# Steel Wool Uses



## rpete (May 2, 2007)

I am a product manager for a major steel wool manufacturer looking for feed back on the main uses for steel wool in woodworking and how we can offer new products to better accomodate your needs. 

I welcome your thoughts and suggestions on the following:

What are your Main Uses for Steel Wool?

What Grades do you use?

How would you change the design to make it work better for you?
1) Larger Pads
2) Smaller pads
3) Round pads
4) Cut to size Rolls
5) Blended with nylon pad material
6) 2-Ply pads (1/2 Steel Wool & 1/2 Nylon Pad)
7) Other Suggestions?

What New Steel Wool products would you like to see available?

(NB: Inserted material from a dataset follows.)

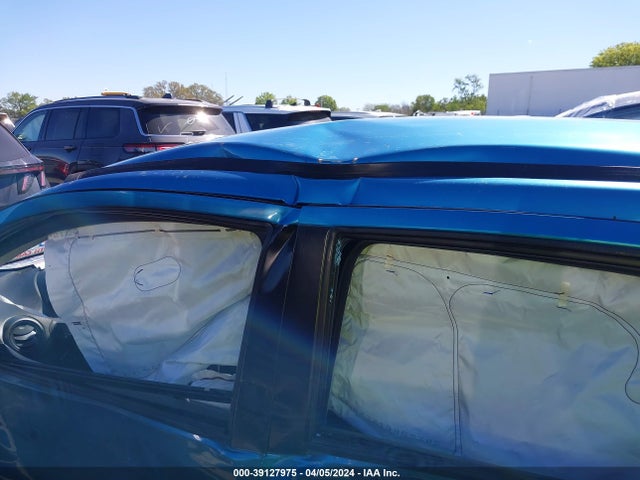 Mitsubishi Mirage De/rf 2015 ML32A3HJ9FH004422 Image 17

Your responces will help us determine how we can provide new inovative products for you. Please let me know if you have interest in testing and evaluating new product designs?

Thanks!


----------



## Daren (Oct 14, 2006)

I don't use as much steel wool in finishing as some (I use different finishes) I use plenty just around the house/shop for cleaning. In woodworking I use steel wool almost exclusively when doing refinish/resto work. I do alot of varnish/paint stripping. All grades of wool are needed from very course to very fine.
Can you improve steel wool ? :laughing:


----------



## JCCLARK (Jan 30, 2007)

I use 00 steel wool a lot for finishing with lacquer.
I generally rub everything down with it after the sealer coat to 
get rid of the nibs and dirt, right before topcoating with lacquer.
My biggest gripe with steel wool is some brands have those little
pads put together to where you can't unwind them.
Makes for a lot of waste so I started using wool by the roll.
I like that much better, cut off what I need and use all of it.
I think mine is 4" wide in a 5lb spool. That's about perfect.:thumbsup:


----------



## keepitstraight (Nov 12, 2006)

rub my steel table tops with it and wax sometimes, wipe with cloth of course. some rubdown between coats on clear finishes to get rid of dust and micro bumps usually 3 or quad aught.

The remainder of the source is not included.